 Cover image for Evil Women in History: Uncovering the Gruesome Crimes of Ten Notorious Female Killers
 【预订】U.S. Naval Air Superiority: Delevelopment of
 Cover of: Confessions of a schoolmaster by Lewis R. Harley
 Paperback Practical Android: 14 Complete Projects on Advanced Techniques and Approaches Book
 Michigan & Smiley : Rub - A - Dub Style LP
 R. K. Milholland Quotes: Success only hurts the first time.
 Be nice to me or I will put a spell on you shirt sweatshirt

◇ ◇ ◇

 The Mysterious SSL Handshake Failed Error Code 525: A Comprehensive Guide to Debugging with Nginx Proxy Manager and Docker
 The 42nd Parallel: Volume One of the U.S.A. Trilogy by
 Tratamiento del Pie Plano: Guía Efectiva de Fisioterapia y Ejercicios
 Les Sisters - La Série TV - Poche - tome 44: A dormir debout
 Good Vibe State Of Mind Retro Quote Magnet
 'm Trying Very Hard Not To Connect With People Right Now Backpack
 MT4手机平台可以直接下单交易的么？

◇ ◇ ◇

**WORK TASK:**
Using the entries shown above, reproduce verbatim the lines from the line bearing "Tratamiento del Pie" to the line bearing "MT4手机平台可以直接下单交易的么？", inclusive.

**COMPLETED EXERCISE:**
 Tratamiento del Pie Plano: Guía Efectiva de Fisioterapia y Ejercicios
 Les Sisters - La Série TV - Poche - tome 44: A dormir debout
 Good Vibe State Of Mind Retro Quote Magnet
 'm Trying Very Hard Not To Connect With People Right Now Backpack
 MT4手机平台可以直接下单交易的么？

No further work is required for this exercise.